Même si le sous-titre de Pages of the Wound (Pages de la blessure) est poèmes, dessins et photographies 1956-1996, le livre est ouvert par un dessin de 1945. Il s’agit d’un dessin de John Berger assis, nu, vu de face, titré Autoportrait. Commencer avec un tel autoportrait n’est sans doute pas innocent, comme il n’est pas innocent que dans une courte préface l’auteur oppose la conduite de la moto à l’écriture de poèmes. La conduite de la moto et l’image du corps s’opposent aux poèmes, qui parlent « de ce qui n’est pas devant vous ». La langue, employée comme un crayon 2H, lui permet de dessiner avec netteté sentiments et sensations, et de montrer, en quelques lignes, les trames que souvent la souvenance embrouille. Et cela bien que…

The tongue

       Is the spine’s first leaf

Forets of languages surrond it.[1]

Bien que…

Like a mole

       The tongue

Burrows through the earth of speech.[2]

De flou se chargent les photos et les autres dessins ; comme ce nu de femme sans tête photographié dans une nature vigoureusement sexuée ; ou ces cheveux en broussaille pris devant une broussaille qui accompagnent

In the valley

The mouth of the river like a rumor

Whispers water in the ears of the field.[3]

La nature animée ne se confond jamais avec les hommes. Avec l’homme elle partage un souffle. Les lignes précises et fortes comme celles qui, dans l’autoportrait, relient le sexe à la tête s’opposent à toute idylle insipide.

Des lignes et des couleurs.

La terre vivante est verte, verte de ce vert « qui contrairement au rouge et à l’argent n’est jamais immobile »…

green who waited

mineral ages

for the leaf

is the colour of their soul

and comes as gift.[4]

En plaçant après ce « gift » le poème Twelve Thesis on the Economy of the Dead[5], John Berger nous montre encore une fois que l’éclectisme des genres et des styles ne donne pas nécessairement de cacophonie. Voilà la première thèse :

1) The dead surround the living. The living are the core of the dead. In the core are the dimensions of time and space. What sorrounds the core is timelesness.
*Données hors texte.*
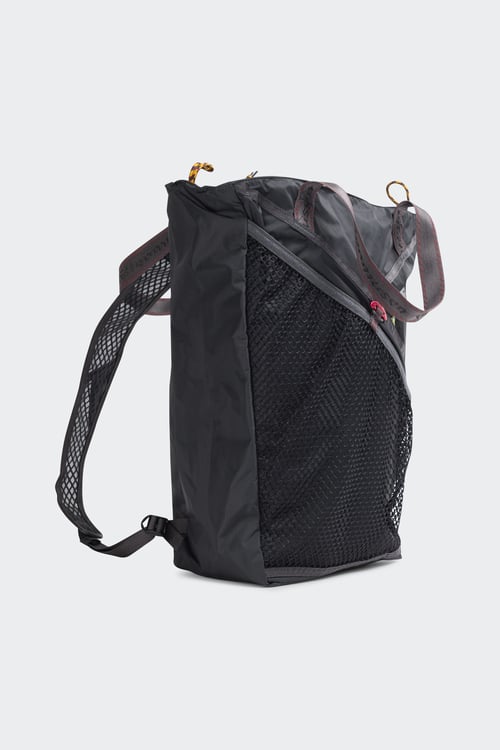 KLATTERMUSEN Sac à dos Noir
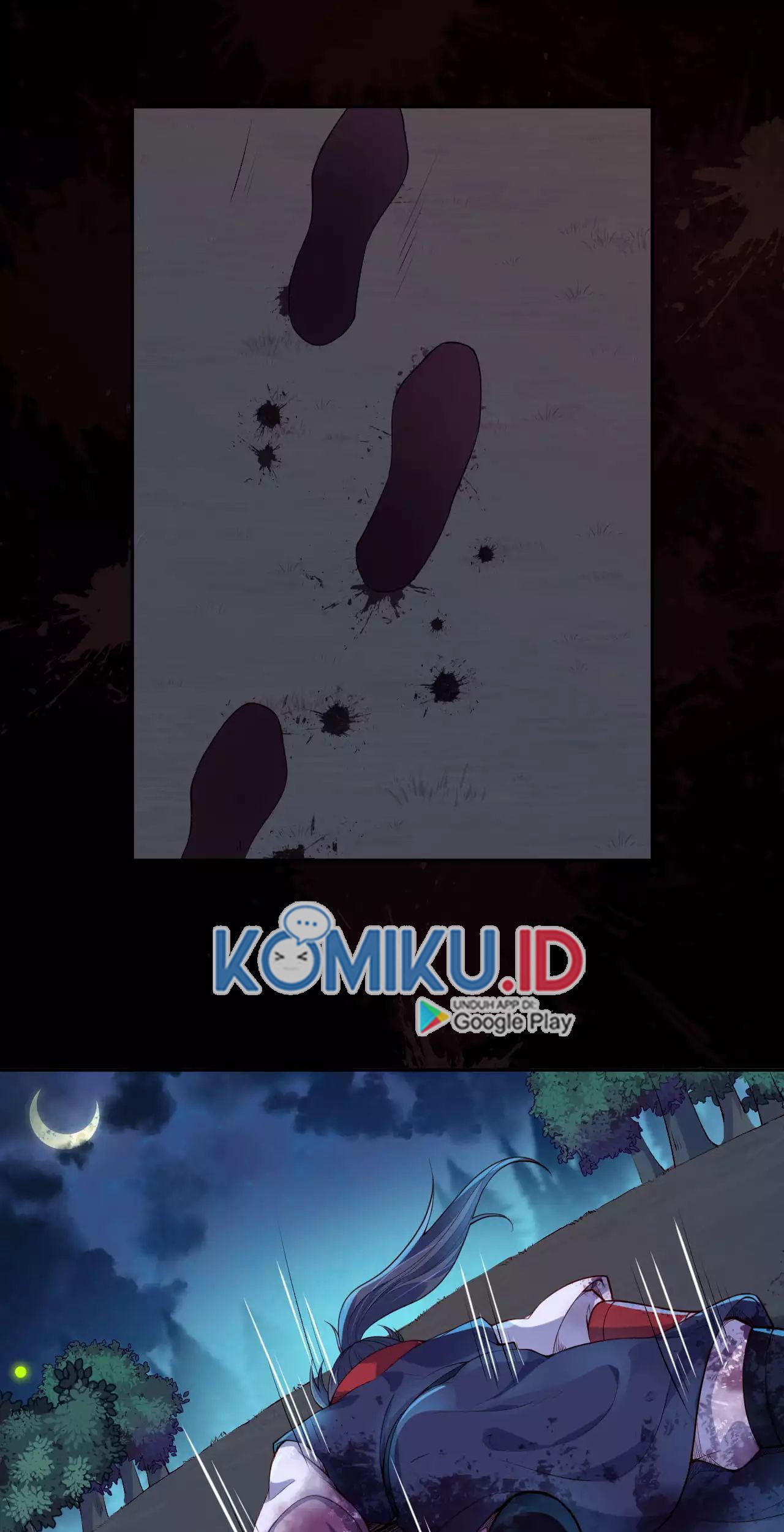 Against the Gods Chapter 235 Gambar 9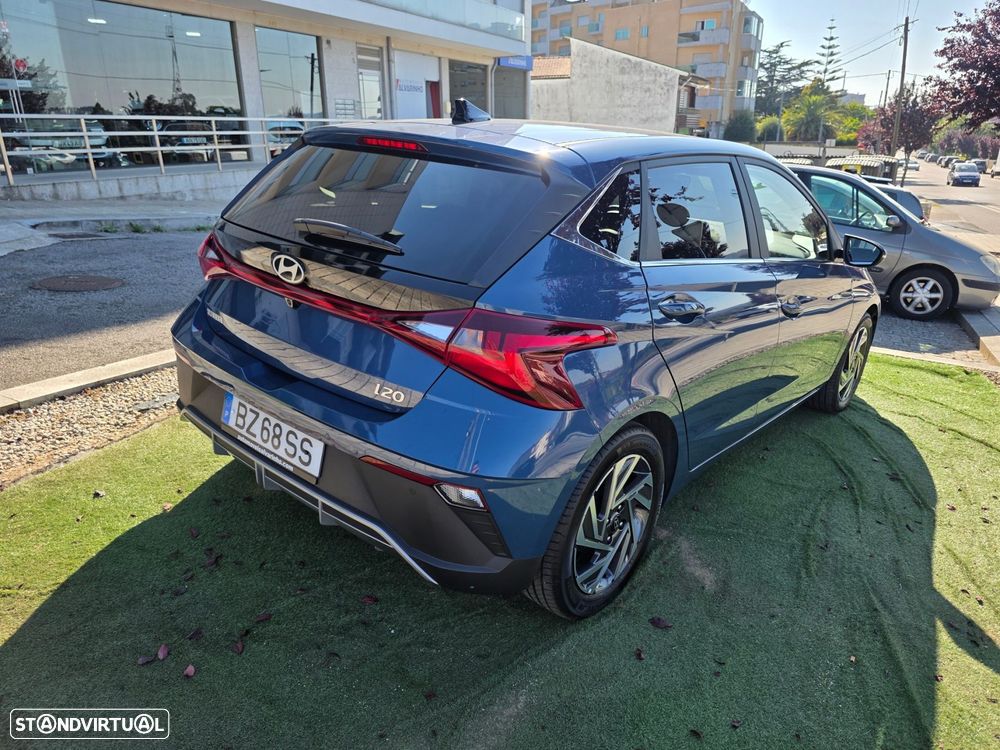 Hyundai i20 1.2 MPi Comfort - 27
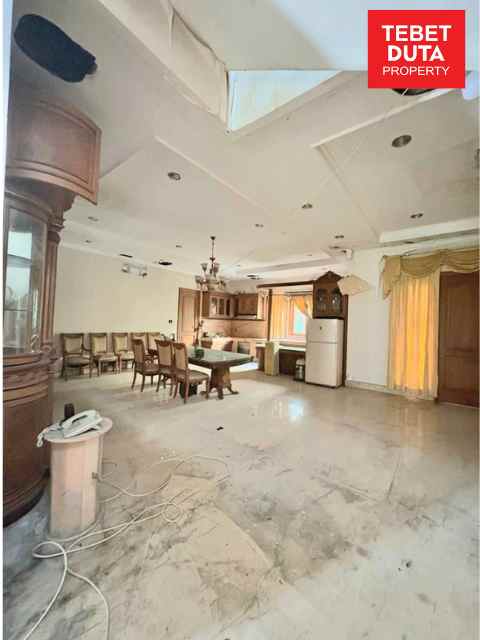 dijual ruko gudang kantor bangka kemang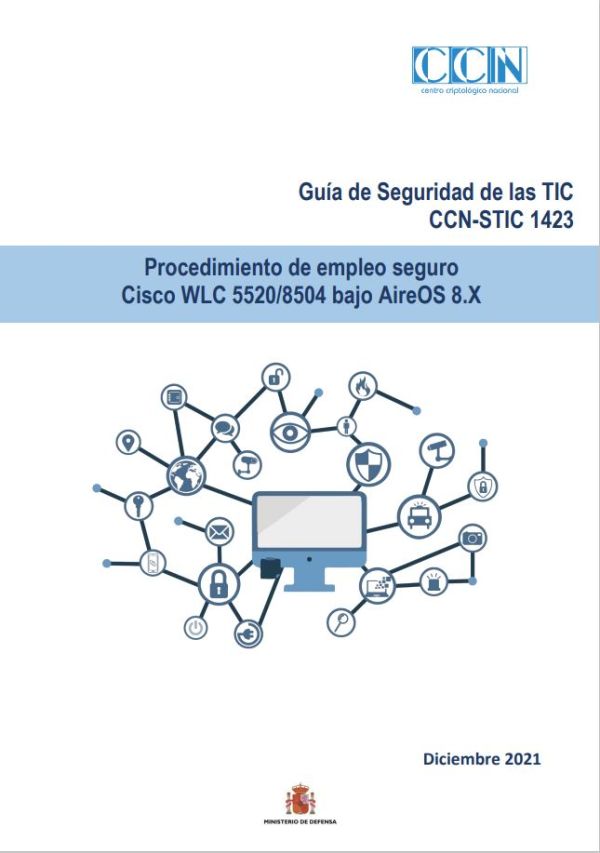 Procedimiento de empleo seguro Cisco WLC 5520/8504 bajo AireOS 8.X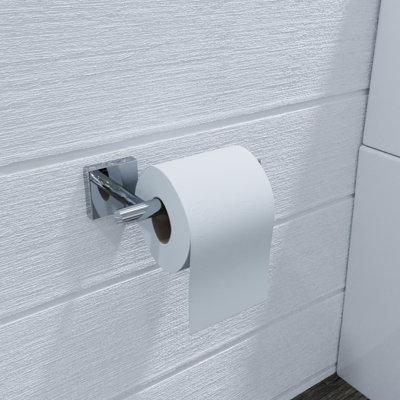 Chester Wall Mounted Toilet Paper Holder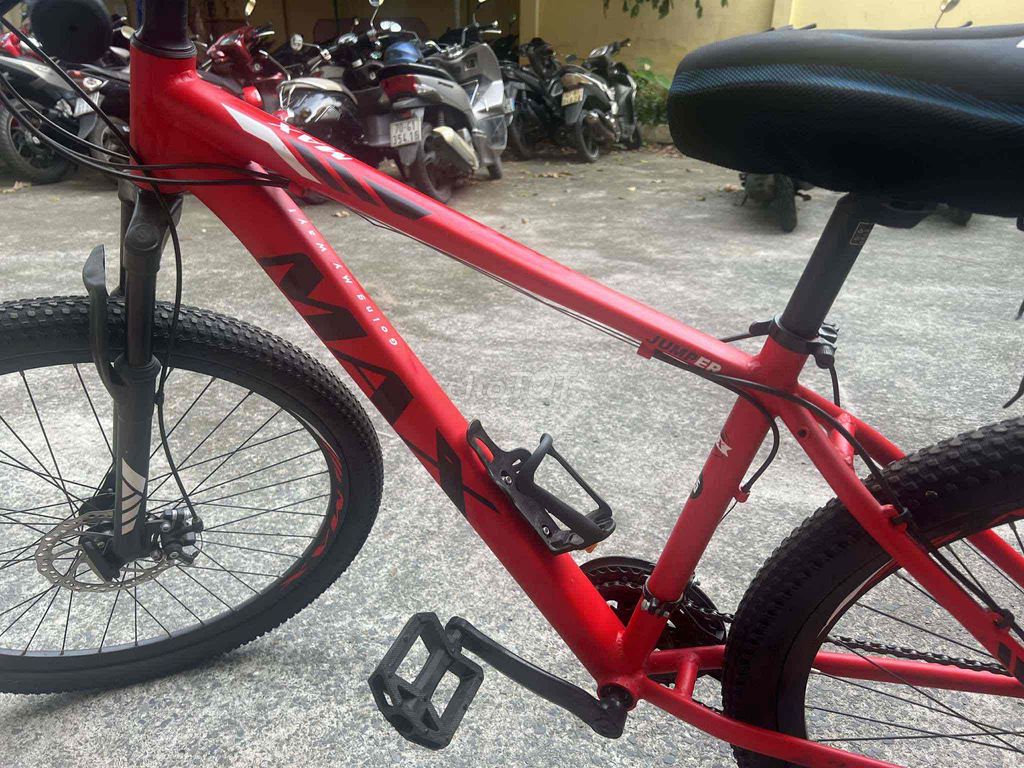 Mình cần Pass Xe Đạp Thể Thao MTB MAX BIKE Jumper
(La mort encercle la vie. Les vies sont le centre de la mort. Dans ce centre sont les dimensions du temps et de l’espace. Ce qui entoure le centre est hors du temps).

 



[1]     La langue / est la première feuille de l’épine / forêts de langages l’entourent.

[2]     Comme une taupe / la langue / creuse dans la terre des paroles

[3]     Dans la vallée / la bouche de la rivière comme une rumeur / murmure eau dans les oreilles du champ.

[4]     vert qui attendit / âges minéraux / pour la feuille / c’est la couleur de leur âme / et vient comme un don.

[5]     Douze thèses sur l’économie de la mort : un contrepoint sur les thèses de Benjamin.